Hatem Kattou
30 Juillet 2017•Mise à jour: 30 Juillet 2017
AA/Dakar/Alioune N'Diaye
Les élections législatives sénégalaises ont démarré avec du retard dans de nombreux bureaux de vote du pays, dimanche, a rapporté le correspondant de Anadolu.
Plus de 6,2 millions d'électeurs sont appelés aux urnes pour élire les 165 députés de la treizième législature depuis l'indépendance du Sénégal en 1960.
Prévue à 8 heures Gmt, l'ouverture de certains bureaux de vote a été retardée de 30 minutes à plusieurs heures, alors même que les électeurs avaient pris d'assaut les bureaux dès 7 heures GMT.
C'est notamment le cas de deux des principaux centres de vote dans le département de Mbour ( région de Thies - à l'Est de Dakar).
"Le vote n'a pas démarré avant 9 heures (GMT) parce que les bulletins de vote n'étaient pas encore arrivés", a indiqué le correspondant local de la radio Sud fm.
Des centres de vote dans le département de Rufisque (région de Dakar) visités par Anadolu ont connu les mêmes couacs. " On attend de commencer le vote parce qu'il y a 5 listes pour lesquelles les bulletins ne sont pas encore arrivés", a indiqué à 9 heures 20 GMT, un membre de la commission électorale nationale autonome (Cena).
Dans le foyer des jeunes de Grand Yoff ( département de Dakar) la même situation a été constatée par le correspondant de la radio Rfm, joint par Anadolu.
A 11 heures GMT, d'autres bureaux de la capitale n'avaient pas démarré le vote pour "des raisons techniques".
D'après plusieurs observateurs, ce contretemps s'explique par les fortes pluies qui se sont abattues durant la nuit de samedi à dimanche sur l'ensemble du territoire, détruisant des bureaux de vote.
Les bureaux de vote fermeront leurs portes à 18H GMT.
Ces élections législatives revêtent un caractère particulier : un nombre record de listes, 47 contre 24 en 2012.
Des changements dans le nombre de sièges, passant de 150 à 165 grâce à une révision constitutionnelle adoptée en mars 2016 et qui permet à la diaspora d'avoir 15 représentants à l'Assemblée.
Sur un total de 165 sièges, 105 y compris les 15 de la diaspora, seront choisis au scrutin majoritaire et 60 à la proportionnelle.

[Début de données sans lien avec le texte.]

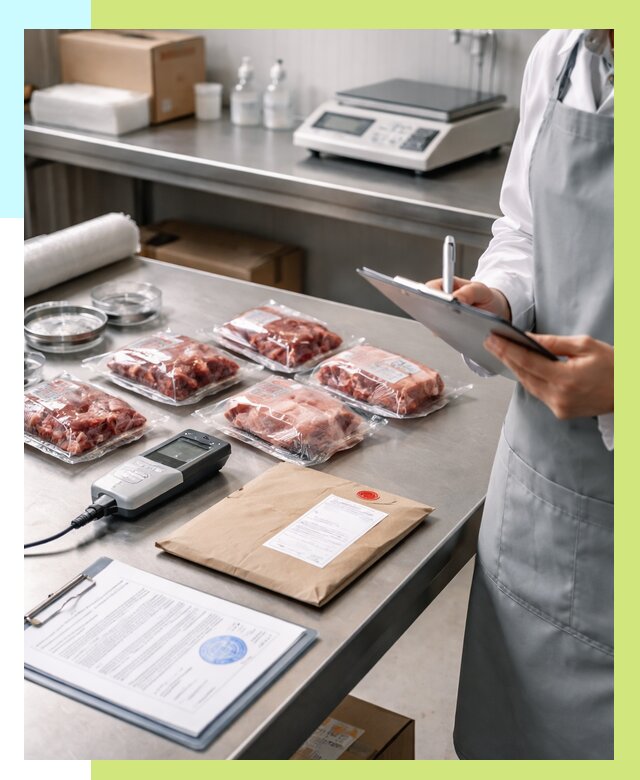 Сертификат на мясо и декларация в Арсеньеве от 8738 р. | Алешин-Рсн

La campagne électorale pour les législatives qui s'est ouverte le 9 juillet dernier a été marquée par de vives tensions dans la capitale Dakar notamment en raison du fait que de nombreux citoyens sénégalais n'avaient pas encore reçu la nouvelle carte d’identité biométrique.
Finalement, le Conseil constitutionnel avait annoncé, dans un communiqué, qu'" à titre exceptionnel, l’électeur n’ayant pu retirer sa carte d’identité Cedeao (Communauté économique des Etats de l’Afrique de l’Ouest, ndlr) faisant office de carte d’électeur, mais dont l’inscription sur les listes électorales est vérifiée, pourra voter".
Selon les observateurs politiques, ces élections sont un test puisqu'il s'agit de la dernière consultation avant la présidentielle de 2019 et permettra donc de mesurer les forces du camp du président Macky Sall, élu en 2012 face à Abdoulaye Wade.
Le Parti Démocratique Sénégalais (PDS), dont la figure de proue est l’ancien président Abdoulaye Wade, revenu récemment au Sénégal après quatre ans d'absence, veut quant à lui se positionner avec une majorité pour imposer une "cohabitation", à Macky Sall.
L'autre liste de l'opposition est menée par le maire de Dakar Khalifa Sale en détention depuis mars pour détournement de fonds présumés.
Par ailleurs, une victoire de la coalition de l'opposition conduite par le PDS permettrait à Abdoulaye Wade d'obtenir une amnistie pour son fils et ancien ministre Karim Wade, condamné en 2015 à six ans de prison pour "enrichissement illicite", avant d'être gracié en juin 2016 par le président Sall, soulignent des politologues.